These cases have to do with the liability of the registered owner for local taxes on real estate, but in principle they do support the Restatement rule.

In Prager v. Gordon (No. 1), 78 Pa. Superior Ct. 76, 79 (1921), a case involving injury to a tenant on real estate held in a trust, Judge Trexler writes:

“ ‘Was the trustee individually liable for negligence in his representative capacity?’ It seems to be well settled that the personal representative is liable in his individual liability for torts committed by him. For any cause of action arising through the negligence of an executor or trustee in managing an estate such executor or trustee is personally liable, and the action must.be brought against him in his individual capacity.”

We think it free from doubt that there is a personal liability on a trustee for torts committed in the administration of the trust. Whether upon a recovery he may reimburse himself from trust assets or pay damages out of trust assets is another question. Here we can concede the proposition that where a trustee is personally guilty of tort in the administration of the trust he cannot shift the response in damages from himself to the estate. However, we still have the situation where the trustee may be held liable for the torts of his agents, servants, and employes under the doctrine of respondeat superior. In such cases may he pay a judgment from trust assets or, having himself paid, recoup from trust assets?

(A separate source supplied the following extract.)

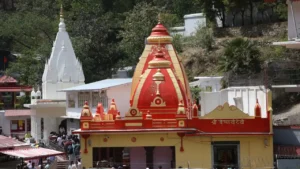 नीम करोली बाबा के कैंची धाम में निर्माणाधीन ‘ॐ पुल’ पर गहराया विवाद, पीएमओ पहुंची शिकायत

On this subject the A. L. I. Restatement of Trusts (1935), §247, comm, (a), states as follows:

“a. Reimbursement and exoneration. The trustee is personally liable to third persons for torts committed by him in the course of the administration of the trust (see §264). If the liability was incurred in the proper administration of the trust and the trustee was not personally at fault in incurring the liability, he is entitled to indemnity out of the trust estate. If he has' discharged the liability out of his individual property, he is entitled to reimbursement out of the trust estate; if he has not discharged the liability, he is entitled to exoneration out of the trust estate, that is he can properly use trust property in discharging the liability.”

We find a dearth of authority in Pennsylvania for the above-quoted proposition, and we find no Pennsylvania cases which hold or infer that a trustee may not reimburse himself from trust assets where the trustee incurred liability for a tort of which he was personally not guilty. In summary, therefore, we may say that the situation which obtains is that a trust estate may very well be held ultimately liable to loss for tort where the trustee was not personally at fault, but is called upon to answer for the wrongful acts of his agents or others in the administration of the trust. We think it reasonable to assume that in the first expression on the subject our Pennsylvania courts may follow the Restatement rule, supra.

The wise and cautious trustee will protect his trust against such possibility of loss. And if he does so by obtaining liability insurance the cost of it should fall upon the trust estate.

In an interesting article on this subject, to be found in the July 1942 edition of Trusts and Estates, The Journal of Capital Management, published by Fiduciary Publishers, Inc., Henry Pirtle, trust officer of the Cleveland Trust Company, discusses the situation of the law and concludes:

“From the foregoing it would seem that a trust company could be justly criticized for not procuring public liability insurance in a reasonable amount for protection against judgments for damages in tort recovered by third persons, because in some states at least the trust estate as well as the trustee may be held liable for his torts; that even where the trustee alone is liable to suit, he may well be entitled to reimbursement from the trust and therefore the insurance should be taken for the protection of the trust. The insurance being for the benefit of the trust estate, the premium cost is a proper expense to be paid from the trust estate. See Prudential Ins. Co. v. Land Estates, Inc., 31 Fed. Supp. 845; In re Stewart’s Will (1939), 9 N. Y. Supp. (2d) 315; In re Lathers’ Will, [(1930) 243 N. Y. Supp. 366].”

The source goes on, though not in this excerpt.